The next 13 years provided a case study in unintended consequences. From the beginning, Congress failed to provide enough money to fund the enforcement of Prohibition. Most states chose not to enforce law, leaving it to the federal government, whose courts quickly clogged. Boats freighted with booze anchored along the Atlantic coastline, unafraid of the country’s anemic Coast Guard. In Chicago and elsewhere, Prohibition served as a kind of “graduate school,” as Okrent calls it, for organized crime, which capitalized on the funds generated from bootlegging to extend their criminal empires.
Perhaps most distressing, at least for the stout-hearted women who lobbied so hard for Prohibition, was the unexpected change in mores. Drinking did go down in the 1920s, but public drinking, especially by women, seemed to blossom. With no saloons to frequent, men drank at parties and in homes, inviting young women to join them. For the proper ladies of the W.C.T.U., it was no small scandal.
One of the pleasures of PBS’s “Prohibition” comes from hearing from the young women who came to define that age. Two such women are interviewed, and it is revealing to watch photographs from their youth fade into their now elderly faces. This woman could easily be your grandmother, you think; and she was the one breaking the law. (Here the directors echo a central insight of Okrent’s book.) That is one of the lessons of “Prohibition”: A law widely broken ceases to have force.

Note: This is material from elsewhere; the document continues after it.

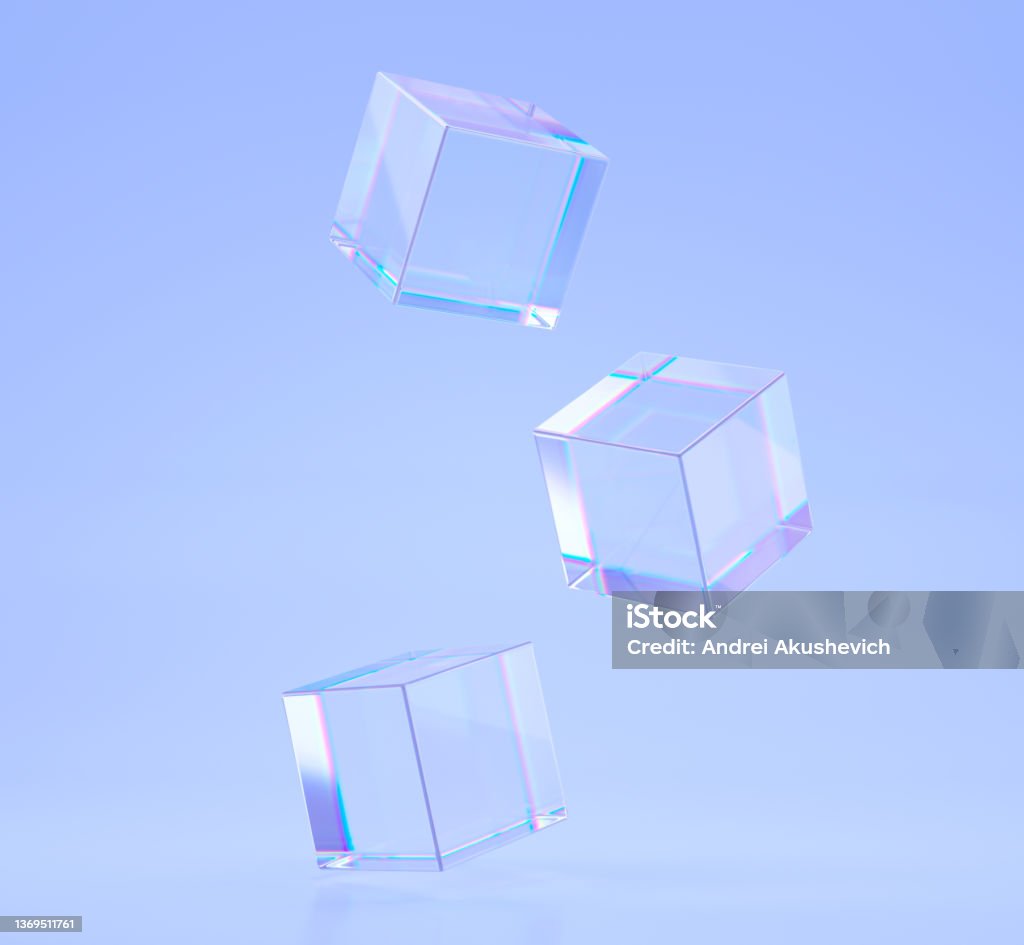 Crystal cubes or blocks with refraction effect of rays in glass. Clear square boxes of acrylic or plexiglass with holographic gradient on blue background, dispersion light, 3d render illustration Crystal cubes or blocks with refraction effect of rays in glass. Clear square boxes of acrylic or plexiglass with holographic gradient on blue background, dispersion light, 3d render illustration. Cube Shape Stock Photo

The legal scholar Noah Feldman makes that point onscreen, joining an impressive array of talking (and exquisitely lit) heads that includes Daniel Okrent, Pete Hamill, Michael Lerner and Catherine Gilbert Murdock. Hamill, a reformed alcoholic, is called upon to elegize the culture of the immigrant saloon and the illegal speakeasy. He emerges as the poet of “Prohibition,” this year’s Shelby Foote.
Of course, it is easier to romanticize the saloon than to defend the Prohibitionists. Yet the few men and women who discuss the dry movement are surprisingly compelling. Sylvester Mather remembers how his family was terrorized by their neighbors because his father, a Prohibition enforcement official, broke up local distilleries. But he continued in his work and eventually was killed on the job. Justice John Paul Stevens describes his mother’s disdain for young men who took a drink: “Lips that touch wine will never touch mine.”
Though the prohibitionists may have been misguided, it is still possible, even at this historical distance, to feel the moral force of their argument. They wanted to save the family, and they did not know how else to do it. They believed in the progress of the human spirit and saw the abolition of alcohol as the next step in that journey.
It is these questions that make the story of Prohibition relevant. How do you defeat a moral evil when moral suasion is not enough? What role should the law play in the curtailment of objectionable behavior? In the middle years of Prohibition, some within the Anti-Saloon League argued for focussing on changing hearts and minds rather than imposing penalties through the blunt instrument of the law. They were overruled.
There is this lesson, too: after the 18th Amendment fell, it actually became more difficult to buy a drink. Laws were passed setting a minimum drinking age. Blue laws limited when and where liquor stores could operate. It turned out that legal restrictions could work when applied with prudence and precision.
With the advent of Prohibition, the moral majority thought that human behavior would change, that the absence of alcohol would lead to a surge of virtue. They were very wrong, of course. But in a way, their failure confirmed a central tenet of their Christian faith: the need for a grace that no human law can provide.